The athlete can expect a feeling of "general indisposition" with the intake of Anadrol 50 which is completely in contrast to Dianabol which conveys a "sense of well-being".

the above info is what is usually shown in most steroid profiles on the net and from some books ive read.


----------



## PeterTheEater (May 20, 2004)

im no expert and would never profess to be.. but if the preclivity towards depression wasnt there in the first place i wouldnt expect anyone to develop it...

the three weeks i tried d-bols i felt great.. really chilled and happy...


----------



## Sylar (Sep 7, 2008)

I agree with jw007,

Just out of interest, what type of Dbol were you on mate?


----------



## Andy Dee (Jun 1, 2008)

Sylar said:


> I agree with jw007,
> 
> Just out of interest, what type of Dbol were you on mate?


it was russian methandrostonol i think the name was, russian dbol.



jw007 said:


> AAS can effect mental state occasionally.
> 
> Its a small amount of DBOL TBH, was something else on your mind at time
> 
> ...


it could have been, i did have things on my mind at the time yes, no ive never used anything since, not because of what happened, just because im not ready for a cycle yet.

i am a bit shocked looking back now because dbol is suppose to make you feel the exact opposite lol.


----------



## gym_smash (Feb 8, 2008)

I'm into my second week and I'm buzzing most days.

But surely if it messes with your hormones can't this have an effect on your mental state?


----------



## Andy Dee (Jun 1, 2008)

BigMatt1985 said:


> I'm into my second week and I'm buzzing most days.
> 
> But surely if it messes with your hormones can't this have an effect on your mental state?

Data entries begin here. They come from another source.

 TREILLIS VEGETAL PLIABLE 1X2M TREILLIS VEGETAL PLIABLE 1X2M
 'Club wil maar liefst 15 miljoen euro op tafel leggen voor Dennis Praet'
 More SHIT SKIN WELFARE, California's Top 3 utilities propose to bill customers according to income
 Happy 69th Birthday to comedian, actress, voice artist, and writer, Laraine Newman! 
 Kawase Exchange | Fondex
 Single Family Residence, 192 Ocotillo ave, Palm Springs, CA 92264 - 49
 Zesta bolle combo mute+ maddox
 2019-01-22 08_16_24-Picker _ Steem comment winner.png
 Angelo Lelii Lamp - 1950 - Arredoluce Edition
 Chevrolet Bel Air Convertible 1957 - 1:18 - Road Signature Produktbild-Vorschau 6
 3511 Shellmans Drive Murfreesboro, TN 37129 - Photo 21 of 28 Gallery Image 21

could do yes, many many things that change your hormone behaviour can effect your mental state, dont know much mroe to go into specifics though


----------



## drhighintensity (Jan 17, 2008)

dbol makes you feel happy

'wellbeing'


----------



## Andy Dee (Jun 1, 2008)

drhighintensity said:


> dbol makes you feel happy
> 
> 'wellbeing'


when i first started it, it did make me feel happy and everything was gonna be ok and i was feeling really good, then it completely turned to rat sh1t more or less overnight


----------



## Greyphantom (Oct 23, 2003)

You sure it was genuine dbol and not winny dressed as dbol...?? I got really screwed up on winny once and know that winny can cause these problems... but as above dbol gives me the warm fuzzies...


----------



## Andy Dee (Jun 1, 2008)

Greyphantom said:


> You sure it was genuine dbol and not winny dressed as dbol...?? I got really screwed up on winny once and know that winny can cause these problems... but as above dbol gives me the warm fuzzies...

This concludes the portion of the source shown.